TASK: So that the copy stays text only, transcribe the data below exactly and exclude the images.

GIVEN MATERIAL:
****************

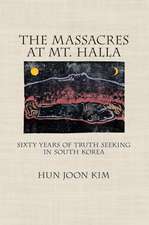 The Massacres at Mt. Halla – Sixty Years of Truth Seeking in South Korea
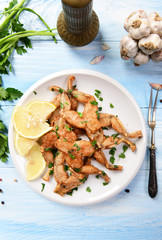 Fried frog legs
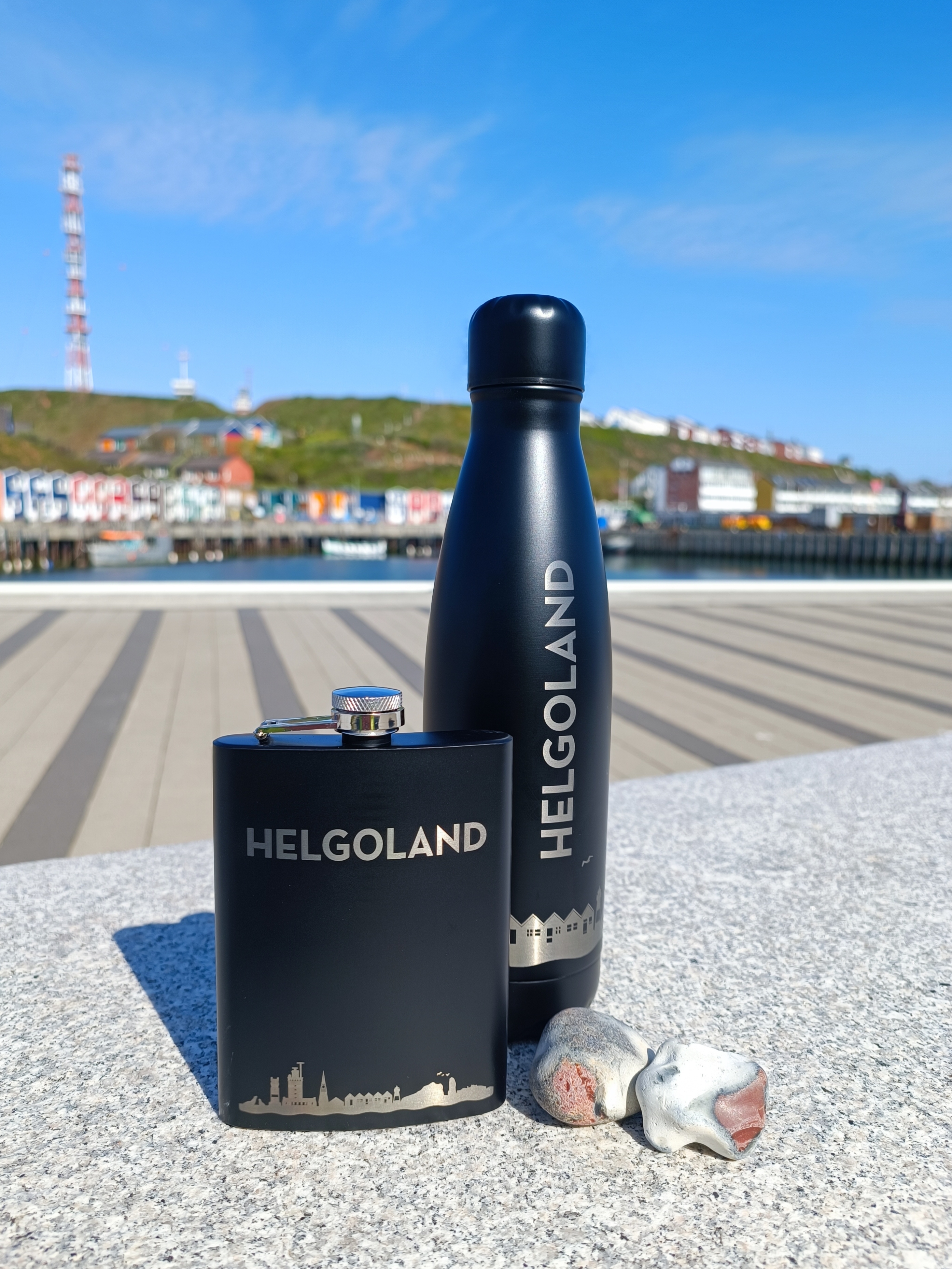 Flachmann Skyline Helgoland Flachmann Skyline Helgoland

****************

ANSWER TO THE PROBLEM:
 The Massacres at Mt. Halla – Sixty Years of Truth Seeking in South Korea
 Fried frog legs
 Flachmann Skyline Helgoland Flachmann Skyline Helgoland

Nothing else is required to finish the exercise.